Without Walls: A Possible History of the Present
In 1964, McLuhan described the advent of the telephone as “speech without walls”, the phonograph as a “music hall without walls”, the photograph as a “museum without walls” and electric light as “space without walls”. Similarly, he described film, radio and television as “classroom[s] without walls”. More presciently still, he would describe the emergence of electricity as a form of technology which was particular and world-changing in its own right insofar as it was “directly related to our central nervous systems”. (See M. McLuhan, Understanding Media, 1964 as cited in P. Benedetti & N. Dehart (eds) On McLuhan (Toronto: Prentice Hall Canada, 1996 at 102, 180, 184). He then warned, against any further handing over of common speech to a privatized and for-profit media. In this way, he foresaw both the coming of the digital commons and its rapid privatization in the passage from the twentieth to the twenty-first century in so called “Big Data” monopolies like Google, Facebook and Twitter. He also foresaw some of the core weaknesses which have manifest themselves in the liberal system of politics, the sovereignty and the state.

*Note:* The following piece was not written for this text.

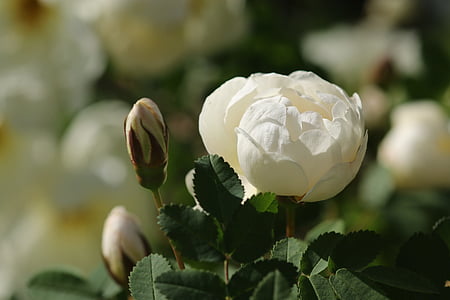 selective focus photography of white rose flower in bloom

The proposed paper focuses specifically on the way in which McLuhan tied what he imagined to be the progressive technological destruction of walls to a developing crisis in the heart of western liberalism itself. McLuhan critiqued, rather than praised, the concept of progress which lies at the heart of the liberal form of political and legal theory in western modernity and suggested that a new electronic mode of production was itself challenge to the presumption of progress. It is in this sense that McLuhan insisted upon himself as theorist of the present rather than as a historian or a futurist. He understood the present to be everything one needed to understand both. Hence, a radical refusal of linear time or teleology like many critical left thinkers in the twentieth century. Also, not a classical liberal:
“When you hear the word progress, you know you are dealing with a 19th century mind. Progress literally stopped with electricity because we now have everything at once. You don’t move on from one thing at a time to the next thing. There is no more history; it’s all here. There isn’t any part of the past that isn’t with us thanks to electricity. But, it’s not thanks to print, it’s not thanks to photography, its thanks to electricity. Speed, huge speed-up, means there’s no more past. Now, there is no more history.” (Ideas, CBC Radio, 1969 as cited by P. Pnedetti & N. Dehan eds).

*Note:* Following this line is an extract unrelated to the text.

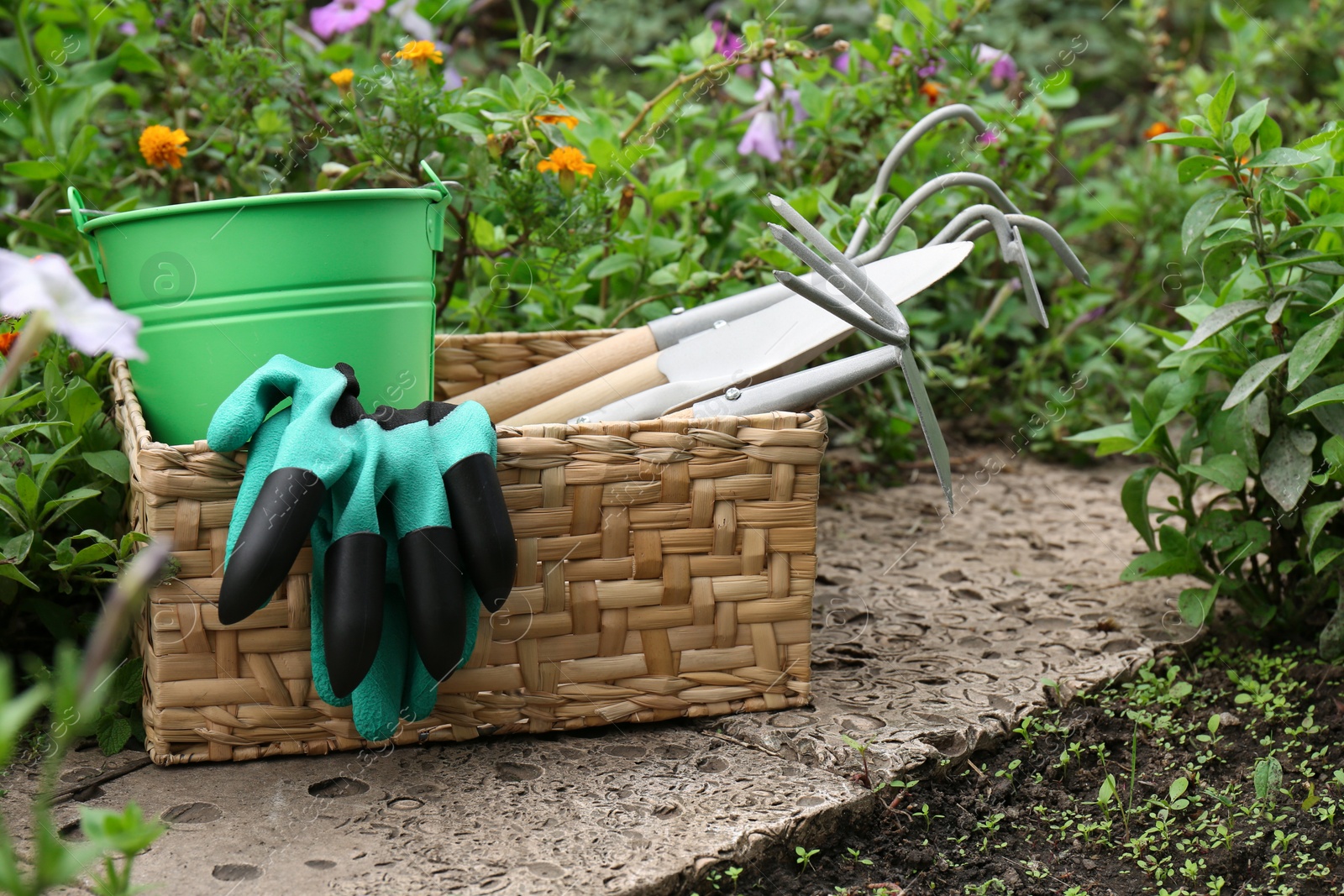 Photo of Wicker basket with gloves, bucket and gardening tools near flowers outdoors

This is strangely reminiscent of Francis Fukuyama’s famous declaration in his 1992 book, The End of History and The Last Man, political and legal history, at least in the west, was closing with the twentieth century. In other words, that the spread of liberal democracy and the western enlightenment project was assured to utterly consolidate itself in the west and spread throughout the world with the fall of the Berlin Wall, the dissolution of the Soviet Union and the end of the Cold War. Hegel’s telos arrived at. Game over.
The proposed paper begins by asking what McLuhan meant by the idea of communications technology as the destroyer of walls. It also considers how the internet, which had not been conceived in 1969, might embody the de-territorializing and globalizing quality of electronic communications about which McLuhan was so prescient. At the core of the paper will be a comparison with the work of Michael Hardt and Antonio Negri who are equally interested in these phenomena and their relationship to changing forms of labour, including the production of meaning and of affect.
The purpose of the proposed paper is not simply to ask if the internet a classroom, or perhaps a malevolent propaganda machine, without walls. It is clear that it is both, and more, simultaneously. Although it is not usually a formal legal question or normative political question, we must therefore ask how McLuhan might distinguish electronic communications, specifically in terms of the manipulation of affect and of collective subjectivity, from earlier forms of communications? The paper asks these questions outside of behavioral or neuro psychology, both of which admittedly might have much to add, but instead through the lens of legal and political theory. In so doing, the proposed paper addresses emerging twenty-first century conceptualizations of sovereignty, the rule of law and democracy against the backdrop of McLuhan’s theorization of electronic communications as a destroyer of walls.